IL TERZO UOMO

Gb/Usa 1949 (104’ – b/n)

Titolo originale: The Third Man

Regia: Carol Reed

Interpreti: Joseph Cotton, Orson Welles, Alida Valli, Trevor Howard, Bernard Lee.

  

"Tratto da un racconto di Graham Greene e da lui stesso sceneggiato, traduce in suggestioni visive espressionistiche tipiche del noir, peraltro importate dall’Europa da registi e direttori della fotografia austriaci e tedeschi rifugiati in America, l’intrigo spionistico fitto di ambivalenze e dilemmi morali. In un set insolito che ritrae una Vienna postbellica disfatta e sfibrata, fotografata da Robert Krasker (premio Oscar), le immagini lugubri ed esasperate, sempre realizzate col grandangolo o con angolazioni eccentriche, liberano “un’abile trasposizione di una struttura e di un contenuto da film noir americano in un contesto profondamente europeo” (Jacques Lourcelles).

"[…] Singole sequenze, come la fuga di Welles nelle fogne (che pare abbia anche diretto) o il suo monologo finale, da lui stesso ideato, sono saldamente installate nell’immaginario degli spettatori, che premiarono il film con uno dei maggiori successi commerciali del dopoguerra. Il tono complessivo del film è stato più volte preso a prestito e citato, anche in chiave ironica (Ombre e nebbia di W. Allen). Il gatto che è “il solo che volesse bene” allo spregiudicato e disilluso Welles fu interpretato da tre animali, piuttosto diversi tra loro. Perché colorizzare un film del genere (cosa che è stata fatta), è difficile da capire."

(M. Sebastiani e M. Sesti, Delitto per delitto. 500 film polizieschi, Lindau 1998)

 

"(…) Girato con una tecnica influenzata visibilmente dall’espressionismo e dal noir, con piani sequenza, uso estremo del grandangolo, inquadrature volutamente “sghembe” come a voler sottolineare il mondo contorto in  cui si  muove il protagonista, e Carol Reed riuscì in maniera mai più ripetuta a utilizzare il gioco di luci e ombre, con personaggi che entrano ed escono dal buio in maniera quasi surreale (vedi la sequenza in cui la Valli si va a vestire nella completa penombra). "L’apparizione di Welles, sotto un portone, appena illuminato in volto da una luce proveniente da una finestra, resta una delle immagini forti del film che appartengono ormai di diritto alla storia dell’immaginario cinematografico, come pure le sequenze della ruota panoramica del Prater, l’inseguimento nella rete fognaria e il finale, lungo ed estenuante (…) impietosamente tagliato da Selznick nella versione americana, ma fortunatamente riproposto nella versione restaurata, realizzata in occasione del 50° anniversario del film."

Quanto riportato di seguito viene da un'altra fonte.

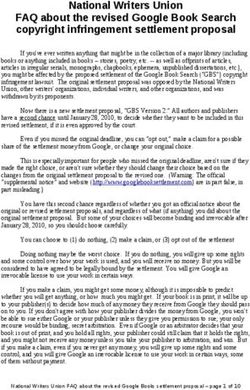 National Writers Union FAQ about the revised Google Book Search copyright infringement settlement proposal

(Federico Chiacchiari, Annuario del cinema 2000-2001 di “Sentieri selvaggi”).

 

 

“(…) Probabilmente non è vero che Welles abbia anche supervisionato certe scene (soprattutto l’inseguimento nelle fogne) ma è certo che Reed aveva ben presenti le regie del suo protagonista. Nella versione inglese la voce che introduce gli eventi è di Reed, in quella americana di Cotten (il doppiaggio italiano cancella l’una e l’altra). Palma d’oro al festival di Cannes.”